Conclusive evidence that indicates that the "Why don't you just get out?" approach is hardly unique to the Mormon community.  

Yet another post from the "Bloggernacle" from a "faithful Mormon" who now  feels compelled to publicly air his own testimony that HE now knows the Church is going astray from the true and righteous leadership of popular social trends.  Turns out that the Church has always been wrong, about this and a whole lot of things, but is sadly still in denial.  He presumes to speak for us, "...Our vision of social issues reflects the conservatism and provincialism of our Great Basin leaders." I note the use of inclusive pronouns.  Presumably either the royal "we", or he believes he can speak in behalf of the general audience.

He comments further,  "I have long felt that were I not born into the faith that I simply cannot imagine joining it as a convert."  And my persuasion has long been that with no exception, EVERYONE who joins the Church should consider themselves to be a "convert".  Nobody can rightfully claim to be "born into the faith".  I believe this false assertion represents a common misunderstanding slur intended to denigrate less enlightened disciples who fall into this categorization simply by virtue of having been "born into the faith".

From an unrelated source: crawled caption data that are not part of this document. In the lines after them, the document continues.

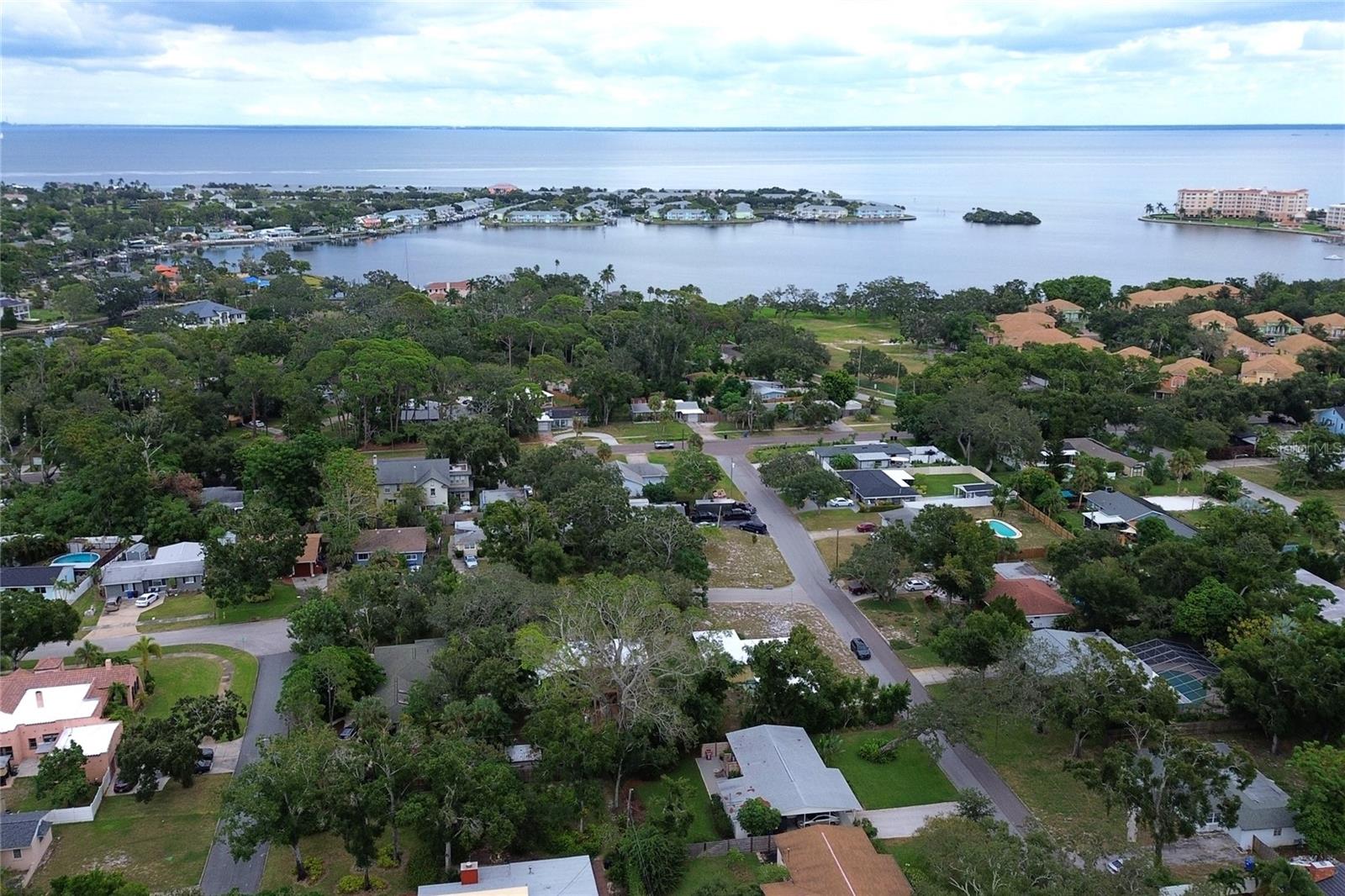 Image 40 of 41 For 521 50th Avenue S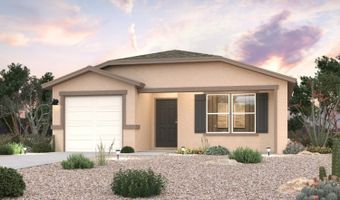 12625 W Benito Dr, Arizona City, AZ 85123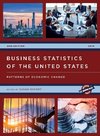 Business Statistics of the United States 2019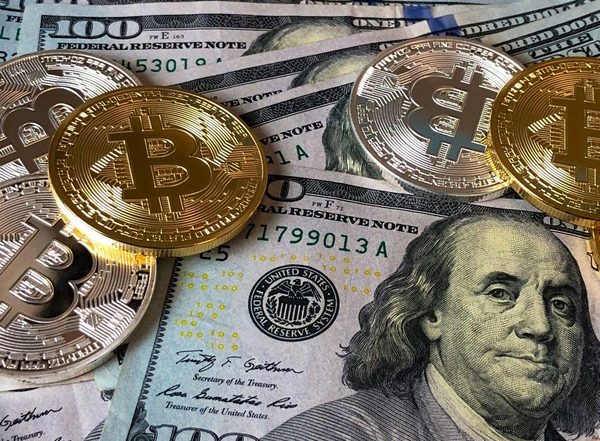 Bitcoin's Epic Rally Defies Silicon Valley Bank Shutdown: AI Cryptocurrencies yPredict, AGIX and Fetch Emerge As Industry's Powerhouse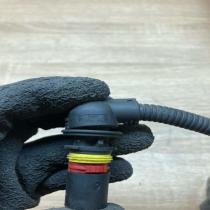 7794908 7506433  Other wiring loom BMW 3 E90 E91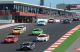 Ferrari Challenge Europa: appuntamento sul circuito Portimão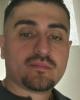 Carlos is single in March AFB, CA USA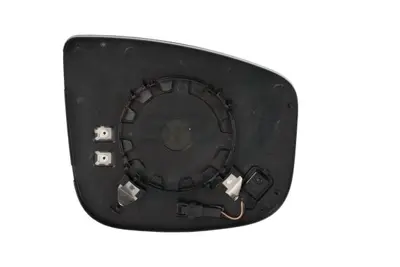 SPJ L-1424 Dıs Dıkız Ayna Camı Sag ( Alt Kucuk ) Transıt V184 - V347 01>13  2C1117A700AA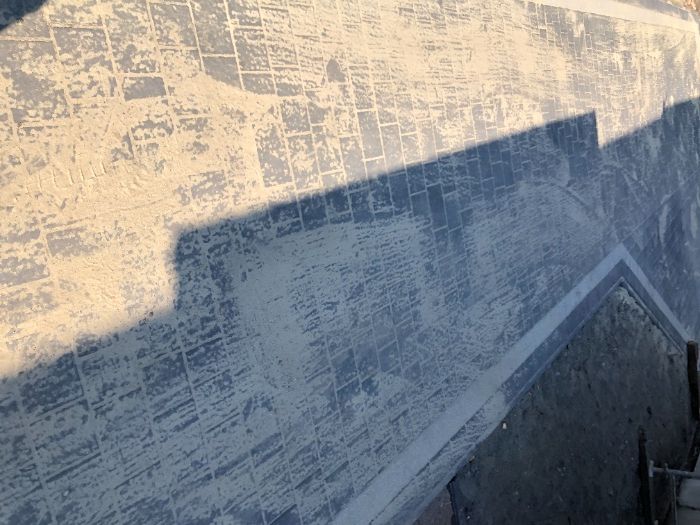 Układanie kostki brukowej, usługi brukarskie, brukarstwo, kostka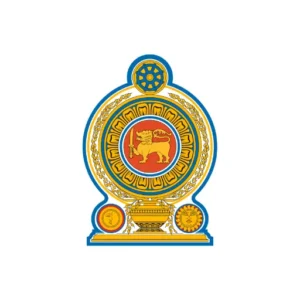 ministry of transport and highways Job vacancies
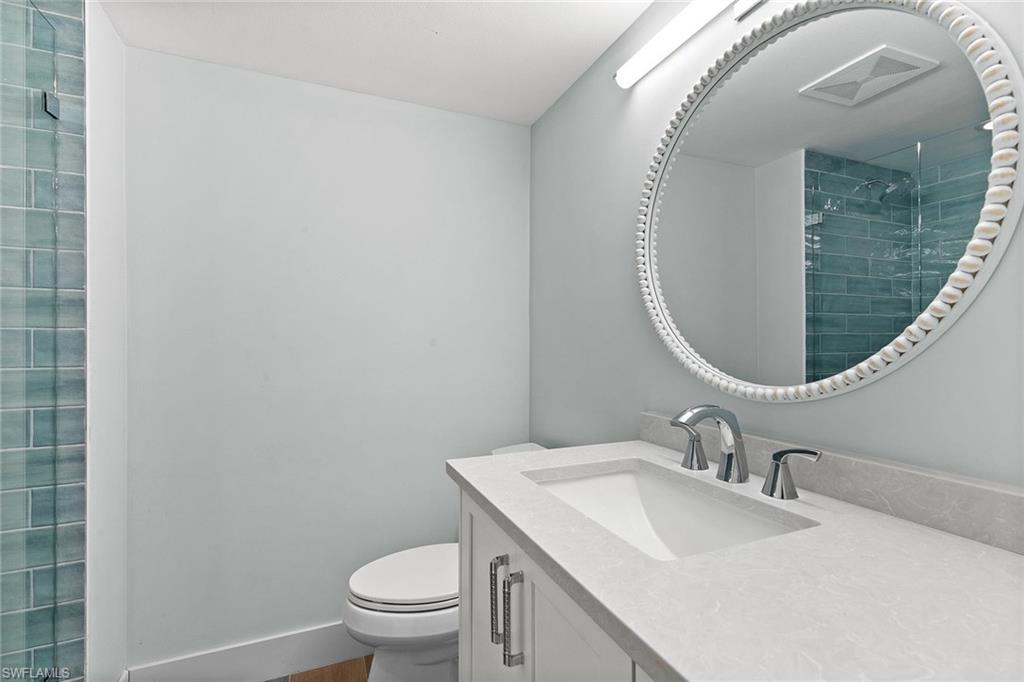 1215 Edington Pl J3 Property Photo 12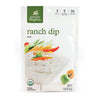 Simply Organic Ranch Dip Mix 1.50 oz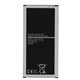 Bateria Samsung Galaxy J7 2016 J710 EB-BJ710CBE 3300 mAh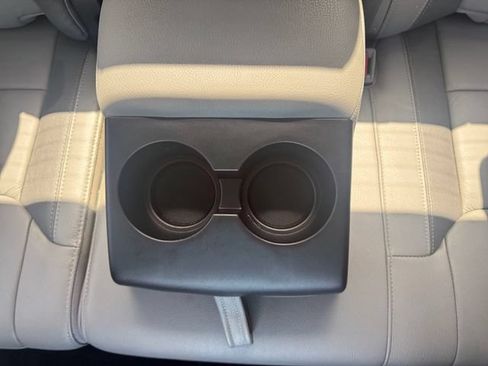 Certified 2020 Toyota Tundra Limited RWD image 30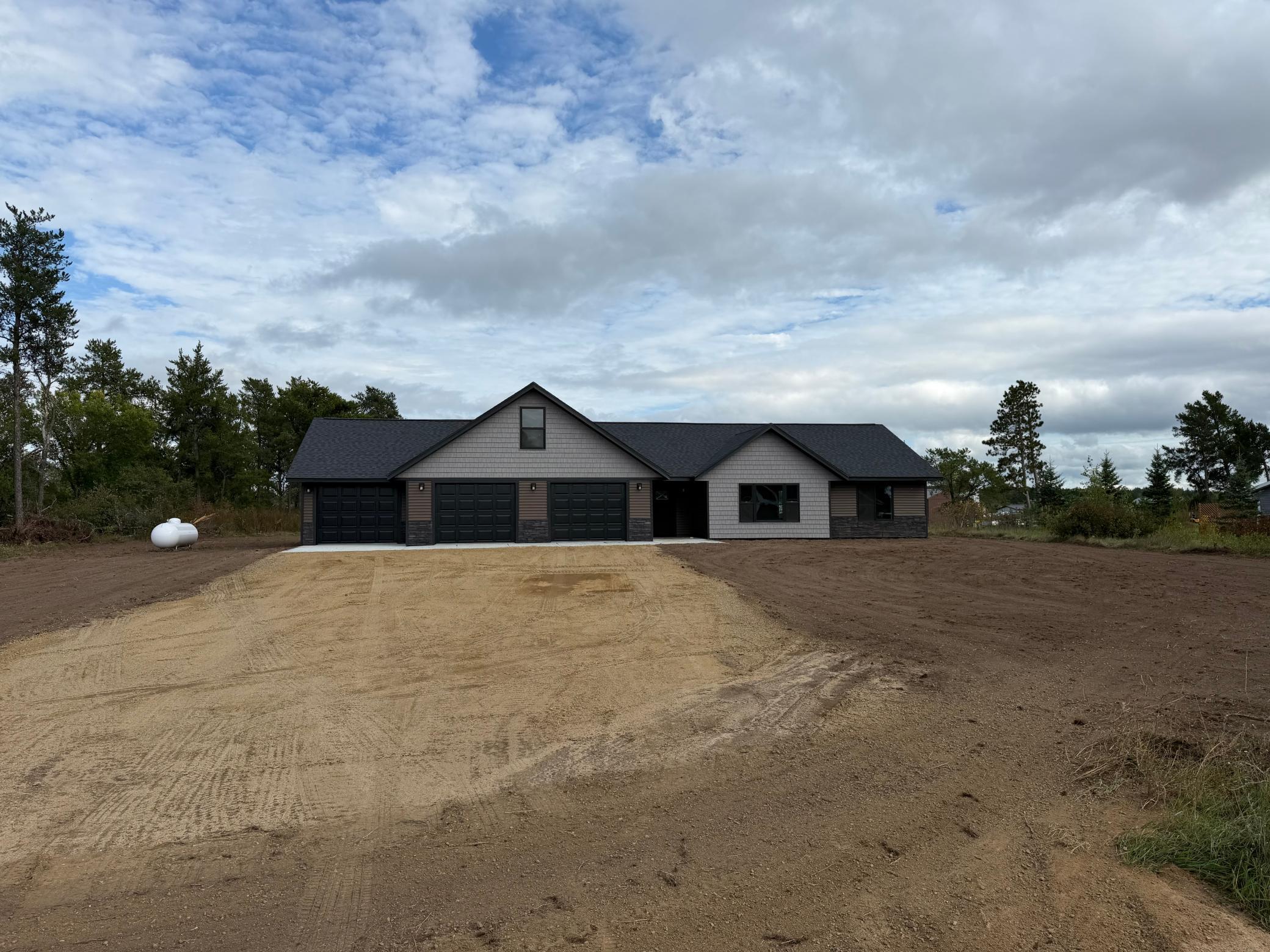 8110 Moidore Drive NW Property Photo 1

For any who are seriously of the mistaken impression that such diatribes are anything particularly new, please check out Boyd Petersens's ten-year-old review of Martha Beck and her melodramatic fiction "Leaving the Saints".   Interesting parallels.

This has the flavor of a bad SciFi flick.  Freely adapted from "Total Recall"...
The walls of reality will come crashing down.  One minute, you'll be the savior of the rebel cause, and the next thing you know you'll find yourself marching lock-step with the John Dehlin and Kate Kelly fan club.   You'll also have fantasies about your heroic battles against the perfidy of the "Mormon Patriarchy", as you ordered.  But in the end back on Earth, you'll be lobotomized. So get a grip on yourself and put down that pen.